Fulacht fia, Gooseberryhill, Co. Cork
Co. Cork |
Settlement Sites
A low, horseshoe-shaped mound sitting in rough grazing land, ten metres from a stream, is easy to walk past without a second thought.
But the shape is the giveaway. This is a fulacht fia, a type of prehistoric cooking site found in extraordinary numbers across Ireland, typically Bronze Age in date. The characteristic form is a crescent or horseshoe of fire-cracked, heat-shattered stone, built up over repeated use as rocks were heated in a fire and then dropped into a water-filled trough to bring it to the boil. The mound at Gooseberryhill measures roughly eleven metres north to south and nine metres east to west, rising to about 0.8 metres in height, with a four-metre-wide opening facing west.

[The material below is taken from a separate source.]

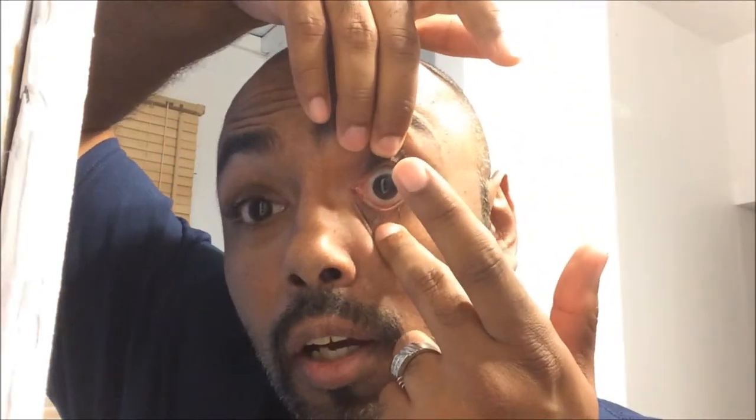I actually still have my contacts in, so I'll show you how I take them off and put them back on. Basically, I have the contact on my pointer finger, and then I use my middle finger to hold the bottom down, and then I use my opposite hand to hold the upper eye up. So you see full access to my eye.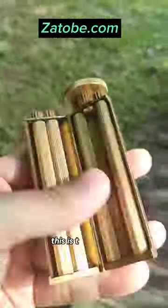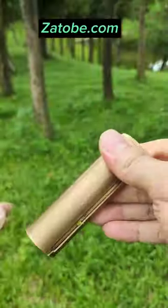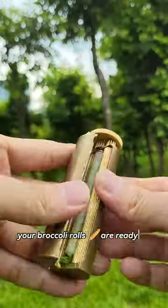What the heck is that? This is the Zatobi — it's a roller for your broccoli. You just load up your broccoli in there and it will pack it evenly as you twist. Then you add your baking paper, and boom, your broccoli rolls are ready to get baked.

The proximity to the stream is entirely typical. Fulachtaí fia are almost invariably sited near a reliable water source, which would have fed the cooking trough, and the accumulated burnt and shattered stone was simply cast aside to form the mound over time. This particular site may be the same one noted by a researcher named Bowman in 1934, who recorded a fulacht fiadh on land belonging to a T. Collins in the area. That reference, brief as it is, gives the site a small documentary thread running back nearly a century, anchoring what might otherwise seem like an anonymous lump of scorched earth to a specific place and a named landowner in the early twentieth century.